Water stewardship is becoming integral to sustainable building design across global markets. Urban developers are incorporating resilience to drought and flooding into low carbon building strategies, supported by green infrastructure and eco-design for buildings that reduce embodied carbon in materials. The growing threat to glaciers and polar ice is now influencing insurance and asset valuation, making life cycle thinking in construction an essential discipline for managing climate-related risk.
Layoffs across carbon capture enterprises reinforce the need for immediate decarbonisation within the built environment through material efficiency, adaptive reuse, and low embodied carbon materials. The construction sector is prioritising renewable building materials, resource efficiency in construction and sustainable building practices that deliver measurable reductions in embodied carbon. These measures align with BREEAM and BREEAM v7 standards and strengthen pathways to net zero whole life carbon performance.

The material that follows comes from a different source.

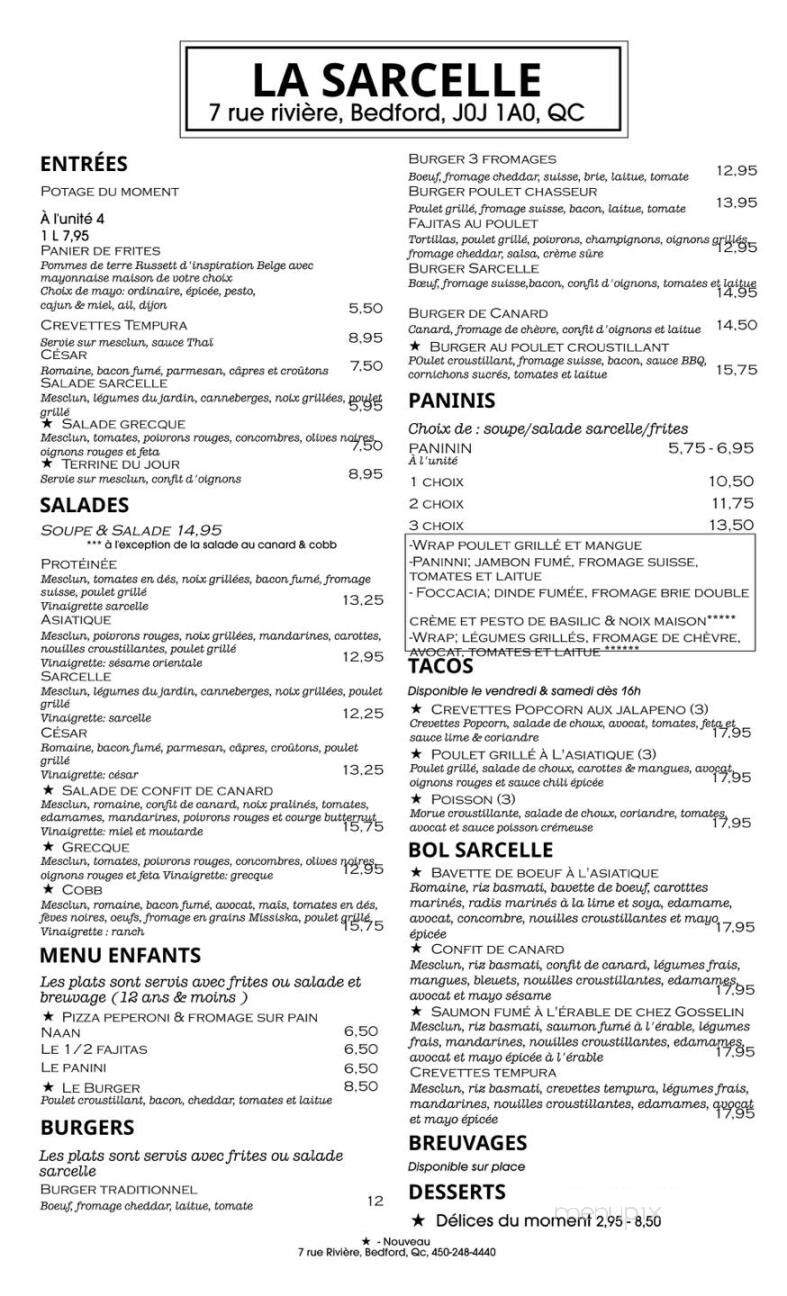Restaurant La Sarcelle - Bedford, QC menu_pic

Firms that adopt sustainable material specification, implement end-of-life reuse in construction and apply circular construction strategies demonstrate long-term value creation within a low carbon design framework. Such practices support carbon footprint reduction, enhance building lifecycle performance, and accelerate the shift toward carbon neutral construction. By treating ecology and hydrology as structural parameters, not optional aesthetics, the industry is defining a future in which sustainable design, circular economy in construction and whole life carbon management drive resilience, profitability, and genuine sustainability.